At Praescient, we work collaboratively to solve the Nation’s most pressing problems. To achieve our aim of revolutionizing how people leverage information, we often begin by challenging one another to informal debates. It is fairly easy to begin one, since our office space is entirely an open-floor plan with brain boards (i.e. whiteboards) and “sync” rooms throughout the hallways of innovation.
Recently, a group of colleagues posited the question, “What is the significance of terrorist motivation and organization for intelligence efforts to support counterterrorism strategy, policy, and practice?” Presented here is one analysts compiled thoughts on the matter.
Although no internationally accepted definition of terrorism exists, scholars as well as political and military leaders have attempted to categorize terrorist motivation and activity in order to set necessary parameters to justify, or consequently delegitimize, intervention. In short, the successful employment of strategic and operational intelligence practices, in particular analytic methodologies, hinge on defining correctly the problem. This task informs how we address the problem, either appropriately or unsuccessfully.
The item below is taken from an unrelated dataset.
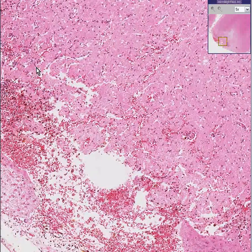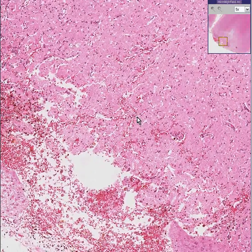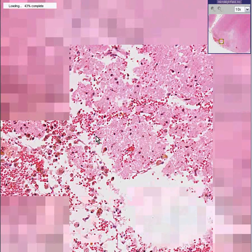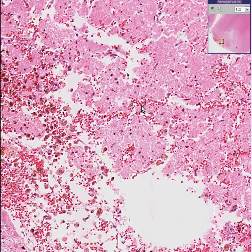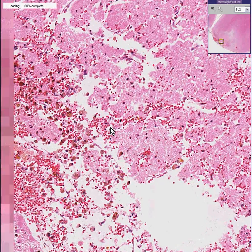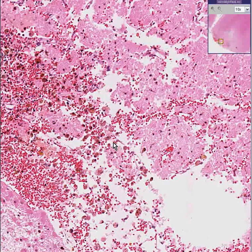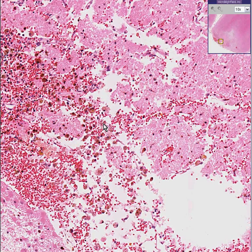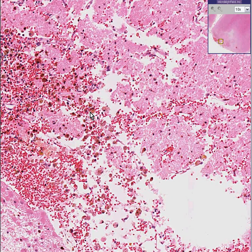This is acute hemorrhage dissecting into the brain. As you can see, there is no real reaction in this area in terms of gliosis, but you can see that the hemorrhage was there long enough to have evoked these macrophages taking up the golden brown hemosiderin pigment. For that reason, this was called a subacute contusion, about a week old.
Michael German, a former Federal Bureau of Investigation (FBI) agent, purports in his 2010 publication, “Thinking Like a Terrorist,” that at the most basic level the Intelligence Community fails to understand the motivations of individual terrorist and terrorist groups. Therefore, German concludes that this supports the development of flawed policy recommendations meant to combat terrorists and organizations. Moreover, Jeffrey Victoroff, author of “The Mind of the Terrorist: A Review and Critique of Psychological Approaches,” dives deeper into this problem, articulating that the Intelligence Community’s current psychosocial data modeling of terrorist profiles and activity is inconsistent, thus inhibiting the ability to accurately and effectively define and capture the motivation of individuals and groups.
The bottom line – there exists no blueprint of a terrorist. What should drive counterterrorism strategy is the perspective that albeit individual motivations are vast and diverse when considered generally, the attributes of these motivations may not be and therefore ought to be a focus of analysis. Regarding counterterrorism policy, the global efforts of the United States “to successfully counter violent extremism [is] only one element of our strategic environment and cannot define America’s engagement with the world.” As terrorism is often linked to unique geospatial and temporal parameters, one must come to terms with the fact that these violent actors are here to stay – and evolve – as the world does.